Within the arcing chamber are number of metal arc-splitter plates which normally have a slot or 'V' shape cut into them in order to encourage the arc to run into the arcing chamber. A typical arrangement is shown in Fig. 6. The plates are used to split the arc into a number of smaller arcs, having the effect of lengthening and cooling the arc. The arc is then extinguished when the voltage drop along it is equal to the voltage across the open contacts.

If the arc can be extinguished very quickly before the full prospective fault current is reached, the maximum current passed through the circuit breaker can be limited.

This current limiting is achieved if the arc is extinguished within 10 ms of the start of the fault, before the peak of the sinusoidal current waveform is reached. Many designs have been tried in an attempt to achieve current limiting. Many of these designs are based on forming the current-carrying conductors within the circuit breaker in such a way that the electromagnetic forces created by the currents force the arc into the arcing chamber very quickly. A particular development of this is to form 'blow-out' coils from the current-carrying conductors.

The opening and closing mechanism of an air circuit breaker generally uses the energy developed in releasing a charged spring. The spring may be charged manually or with the aid of a winding mechanism attached to a motor. The charge is usually held until a release mechanism is activated, and once the spring energy is released to the main mechanism, linkages are moved into an over-toggle mode to close the moving contacts onto the fixed contacts.
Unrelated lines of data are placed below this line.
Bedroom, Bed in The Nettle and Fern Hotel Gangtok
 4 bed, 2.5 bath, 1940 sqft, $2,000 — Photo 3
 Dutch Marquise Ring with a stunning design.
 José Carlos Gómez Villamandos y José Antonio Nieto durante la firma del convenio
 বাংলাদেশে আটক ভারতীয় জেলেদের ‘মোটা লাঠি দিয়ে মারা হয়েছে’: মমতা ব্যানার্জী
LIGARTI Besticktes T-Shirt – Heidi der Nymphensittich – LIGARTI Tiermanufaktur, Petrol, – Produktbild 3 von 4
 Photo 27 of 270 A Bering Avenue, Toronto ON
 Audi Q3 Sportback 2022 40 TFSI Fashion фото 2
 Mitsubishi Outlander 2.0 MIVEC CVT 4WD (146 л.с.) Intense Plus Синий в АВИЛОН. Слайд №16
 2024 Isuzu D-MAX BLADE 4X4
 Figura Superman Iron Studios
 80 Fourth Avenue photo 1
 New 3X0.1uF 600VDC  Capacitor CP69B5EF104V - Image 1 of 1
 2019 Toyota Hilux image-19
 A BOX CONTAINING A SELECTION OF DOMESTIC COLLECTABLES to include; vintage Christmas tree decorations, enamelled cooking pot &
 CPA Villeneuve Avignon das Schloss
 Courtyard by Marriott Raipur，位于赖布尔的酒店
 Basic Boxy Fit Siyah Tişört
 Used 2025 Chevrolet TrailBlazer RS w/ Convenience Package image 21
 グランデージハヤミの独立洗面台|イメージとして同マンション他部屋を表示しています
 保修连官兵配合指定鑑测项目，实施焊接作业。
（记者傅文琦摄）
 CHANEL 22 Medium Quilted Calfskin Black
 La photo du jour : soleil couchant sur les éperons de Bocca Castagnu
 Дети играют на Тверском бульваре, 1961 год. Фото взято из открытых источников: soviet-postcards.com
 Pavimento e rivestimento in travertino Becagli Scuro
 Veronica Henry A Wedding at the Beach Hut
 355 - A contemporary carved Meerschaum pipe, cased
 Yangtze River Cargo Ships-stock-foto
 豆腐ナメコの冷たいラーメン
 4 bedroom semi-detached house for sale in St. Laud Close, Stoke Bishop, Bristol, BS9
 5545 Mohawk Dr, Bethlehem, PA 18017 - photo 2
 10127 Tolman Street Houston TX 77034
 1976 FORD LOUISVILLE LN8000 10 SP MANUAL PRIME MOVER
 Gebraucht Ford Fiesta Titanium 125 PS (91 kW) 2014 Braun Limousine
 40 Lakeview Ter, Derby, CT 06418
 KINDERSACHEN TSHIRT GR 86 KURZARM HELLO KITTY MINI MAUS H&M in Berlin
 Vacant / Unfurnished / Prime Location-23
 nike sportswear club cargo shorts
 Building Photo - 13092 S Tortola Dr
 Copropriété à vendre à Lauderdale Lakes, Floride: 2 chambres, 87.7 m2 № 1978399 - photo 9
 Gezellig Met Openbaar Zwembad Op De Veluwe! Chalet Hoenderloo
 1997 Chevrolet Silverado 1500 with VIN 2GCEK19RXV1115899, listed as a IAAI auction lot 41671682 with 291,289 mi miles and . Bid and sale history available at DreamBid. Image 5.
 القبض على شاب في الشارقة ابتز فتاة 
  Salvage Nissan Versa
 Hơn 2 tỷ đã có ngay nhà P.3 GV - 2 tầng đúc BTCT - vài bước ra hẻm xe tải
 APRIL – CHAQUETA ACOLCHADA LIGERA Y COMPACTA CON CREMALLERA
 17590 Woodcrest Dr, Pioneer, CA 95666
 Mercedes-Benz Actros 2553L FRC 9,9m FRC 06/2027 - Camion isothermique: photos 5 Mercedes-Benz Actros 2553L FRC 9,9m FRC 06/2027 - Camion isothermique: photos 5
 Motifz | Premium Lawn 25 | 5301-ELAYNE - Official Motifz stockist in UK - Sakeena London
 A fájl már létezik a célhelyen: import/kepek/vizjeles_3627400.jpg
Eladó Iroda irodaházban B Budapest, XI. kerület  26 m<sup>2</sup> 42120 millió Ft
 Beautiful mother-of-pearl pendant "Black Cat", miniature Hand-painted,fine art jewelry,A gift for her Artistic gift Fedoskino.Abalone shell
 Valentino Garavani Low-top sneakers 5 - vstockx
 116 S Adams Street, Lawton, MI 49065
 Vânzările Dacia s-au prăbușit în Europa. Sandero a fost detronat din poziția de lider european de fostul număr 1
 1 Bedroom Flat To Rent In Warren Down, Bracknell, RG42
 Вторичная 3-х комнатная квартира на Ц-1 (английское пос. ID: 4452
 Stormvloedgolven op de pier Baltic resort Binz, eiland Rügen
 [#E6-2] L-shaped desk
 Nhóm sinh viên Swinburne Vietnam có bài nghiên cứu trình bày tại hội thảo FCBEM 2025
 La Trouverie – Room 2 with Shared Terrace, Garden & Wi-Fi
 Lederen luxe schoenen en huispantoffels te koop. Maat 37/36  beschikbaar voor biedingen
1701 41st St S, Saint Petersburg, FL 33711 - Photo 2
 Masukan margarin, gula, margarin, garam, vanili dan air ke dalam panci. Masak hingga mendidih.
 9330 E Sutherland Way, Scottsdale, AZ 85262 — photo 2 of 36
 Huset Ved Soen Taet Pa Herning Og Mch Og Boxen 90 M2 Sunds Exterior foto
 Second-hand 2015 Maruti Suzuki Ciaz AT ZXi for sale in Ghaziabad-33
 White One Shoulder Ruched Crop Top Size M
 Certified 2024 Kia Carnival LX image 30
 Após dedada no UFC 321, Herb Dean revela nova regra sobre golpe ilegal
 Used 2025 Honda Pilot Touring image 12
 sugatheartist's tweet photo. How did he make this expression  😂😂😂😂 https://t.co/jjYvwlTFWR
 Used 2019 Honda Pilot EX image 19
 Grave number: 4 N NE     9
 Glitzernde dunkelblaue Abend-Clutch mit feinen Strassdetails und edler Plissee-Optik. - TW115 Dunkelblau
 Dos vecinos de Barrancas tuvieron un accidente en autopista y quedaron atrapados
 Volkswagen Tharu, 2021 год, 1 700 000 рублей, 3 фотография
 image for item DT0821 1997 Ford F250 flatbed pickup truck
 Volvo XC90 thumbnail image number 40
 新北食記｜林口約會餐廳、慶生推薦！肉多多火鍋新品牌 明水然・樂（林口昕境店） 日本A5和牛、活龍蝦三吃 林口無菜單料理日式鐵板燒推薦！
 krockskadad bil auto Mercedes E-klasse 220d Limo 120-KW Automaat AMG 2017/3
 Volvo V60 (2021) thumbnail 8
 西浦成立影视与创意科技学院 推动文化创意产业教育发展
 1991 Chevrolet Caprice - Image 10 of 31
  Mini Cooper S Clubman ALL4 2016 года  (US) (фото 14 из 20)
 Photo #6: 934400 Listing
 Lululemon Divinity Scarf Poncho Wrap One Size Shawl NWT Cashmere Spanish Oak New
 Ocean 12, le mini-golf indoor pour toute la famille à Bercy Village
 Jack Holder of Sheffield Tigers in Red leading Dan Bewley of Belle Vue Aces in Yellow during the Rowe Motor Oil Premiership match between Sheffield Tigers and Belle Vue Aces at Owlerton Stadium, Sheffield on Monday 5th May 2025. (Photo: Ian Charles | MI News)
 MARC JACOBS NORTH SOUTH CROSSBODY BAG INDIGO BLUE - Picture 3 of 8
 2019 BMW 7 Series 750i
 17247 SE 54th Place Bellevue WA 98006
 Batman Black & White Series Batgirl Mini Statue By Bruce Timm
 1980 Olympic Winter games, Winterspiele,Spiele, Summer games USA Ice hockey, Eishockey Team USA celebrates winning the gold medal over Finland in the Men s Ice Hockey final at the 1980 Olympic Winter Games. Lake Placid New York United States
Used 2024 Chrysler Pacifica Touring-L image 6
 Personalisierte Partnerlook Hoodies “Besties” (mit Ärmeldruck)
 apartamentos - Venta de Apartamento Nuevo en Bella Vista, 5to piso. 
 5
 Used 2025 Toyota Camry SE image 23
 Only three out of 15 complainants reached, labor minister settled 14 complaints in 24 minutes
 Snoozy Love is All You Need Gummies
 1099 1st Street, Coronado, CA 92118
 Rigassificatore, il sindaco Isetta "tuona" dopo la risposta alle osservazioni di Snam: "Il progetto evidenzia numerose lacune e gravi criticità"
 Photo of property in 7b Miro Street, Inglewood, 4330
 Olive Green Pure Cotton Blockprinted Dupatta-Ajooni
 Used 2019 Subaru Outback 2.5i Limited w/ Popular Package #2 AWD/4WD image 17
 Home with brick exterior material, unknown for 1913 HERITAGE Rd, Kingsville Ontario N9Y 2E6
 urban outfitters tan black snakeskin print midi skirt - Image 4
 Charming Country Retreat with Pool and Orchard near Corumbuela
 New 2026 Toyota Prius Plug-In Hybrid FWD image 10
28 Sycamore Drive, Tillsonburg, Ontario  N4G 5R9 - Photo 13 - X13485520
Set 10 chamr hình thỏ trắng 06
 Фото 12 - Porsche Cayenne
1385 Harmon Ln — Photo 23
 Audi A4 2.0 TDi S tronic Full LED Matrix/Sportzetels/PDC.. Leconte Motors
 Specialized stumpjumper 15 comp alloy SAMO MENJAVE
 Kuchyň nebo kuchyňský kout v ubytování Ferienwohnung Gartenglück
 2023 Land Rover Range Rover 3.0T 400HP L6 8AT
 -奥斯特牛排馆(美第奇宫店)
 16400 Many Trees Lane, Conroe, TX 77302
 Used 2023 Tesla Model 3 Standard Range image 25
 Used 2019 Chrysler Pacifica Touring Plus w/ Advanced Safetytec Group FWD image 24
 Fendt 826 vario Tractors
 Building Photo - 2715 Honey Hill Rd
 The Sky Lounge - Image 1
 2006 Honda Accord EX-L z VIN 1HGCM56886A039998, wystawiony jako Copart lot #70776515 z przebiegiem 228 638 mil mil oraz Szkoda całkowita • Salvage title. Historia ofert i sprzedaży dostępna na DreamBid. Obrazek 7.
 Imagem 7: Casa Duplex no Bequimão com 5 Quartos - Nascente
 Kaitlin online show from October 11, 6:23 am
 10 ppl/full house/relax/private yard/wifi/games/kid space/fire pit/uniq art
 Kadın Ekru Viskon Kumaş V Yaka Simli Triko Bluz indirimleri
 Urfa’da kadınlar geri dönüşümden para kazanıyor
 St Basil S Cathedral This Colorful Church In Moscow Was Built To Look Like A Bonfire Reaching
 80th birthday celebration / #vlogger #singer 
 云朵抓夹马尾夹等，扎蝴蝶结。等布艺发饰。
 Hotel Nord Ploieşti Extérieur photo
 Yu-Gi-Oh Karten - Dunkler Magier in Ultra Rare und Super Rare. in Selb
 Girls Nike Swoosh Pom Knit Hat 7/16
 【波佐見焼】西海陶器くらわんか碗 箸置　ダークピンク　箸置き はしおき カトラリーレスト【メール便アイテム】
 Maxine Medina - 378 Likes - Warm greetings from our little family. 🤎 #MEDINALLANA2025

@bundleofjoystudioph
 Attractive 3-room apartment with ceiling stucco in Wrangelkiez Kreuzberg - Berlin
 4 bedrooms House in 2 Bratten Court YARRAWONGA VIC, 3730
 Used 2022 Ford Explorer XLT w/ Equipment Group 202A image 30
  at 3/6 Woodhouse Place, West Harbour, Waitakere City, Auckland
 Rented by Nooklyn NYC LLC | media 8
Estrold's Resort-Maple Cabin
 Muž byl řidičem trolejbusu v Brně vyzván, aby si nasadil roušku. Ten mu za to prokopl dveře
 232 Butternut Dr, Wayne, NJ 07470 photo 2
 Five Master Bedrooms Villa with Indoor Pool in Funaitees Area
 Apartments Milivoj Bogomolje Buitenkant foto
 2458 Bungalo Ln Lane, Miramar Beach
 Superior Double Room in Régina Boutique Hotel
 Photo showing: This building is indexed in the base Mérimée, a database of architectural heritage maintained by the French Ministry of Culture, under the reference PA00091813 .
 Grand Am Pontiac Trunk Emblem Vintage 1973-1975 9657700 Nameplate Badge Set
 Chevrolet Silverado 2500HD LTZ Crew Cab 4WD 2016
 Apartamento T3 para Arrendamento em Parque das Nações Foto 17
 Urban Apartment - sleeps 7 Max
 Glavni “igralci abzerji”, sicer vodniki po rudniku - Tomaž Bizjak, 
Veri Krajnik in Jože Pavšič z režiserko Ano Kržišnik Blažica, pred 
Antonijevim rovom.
The force of the main spring is also used to transfer energy into compressing the moving contact springs, and it is these springs which provide the energy to open the contacts when required.

Attached to and interfacing with the main mechanism is the tripping mechanism which is used to open the contacts. The means of tripping an air circuit breaker is a coil, which may be a shunt trip coil, an undervoltage coil or a polarized trip coil. The shunt trip coil is current operated and consists of a winding on a bobbin with a moving core at its center. When a current flows, the magnetic flux causes the core to move and this core operates the trip mechanism. An undervoltage coil is similar in construction, but the moving core is held in place by the magnetic flux against a spring; if the voltage across the winding falls this allows the spring to release the core and operate the trip mechanism. In the polarizing trip coil, the output of the coil is used to nullify the magnetic field from a permanent magnet which is set into the coil; when the coil is energized, the permanent magnetic field is overcome and using a spring energy a moving core is released to operate the trip mechanism.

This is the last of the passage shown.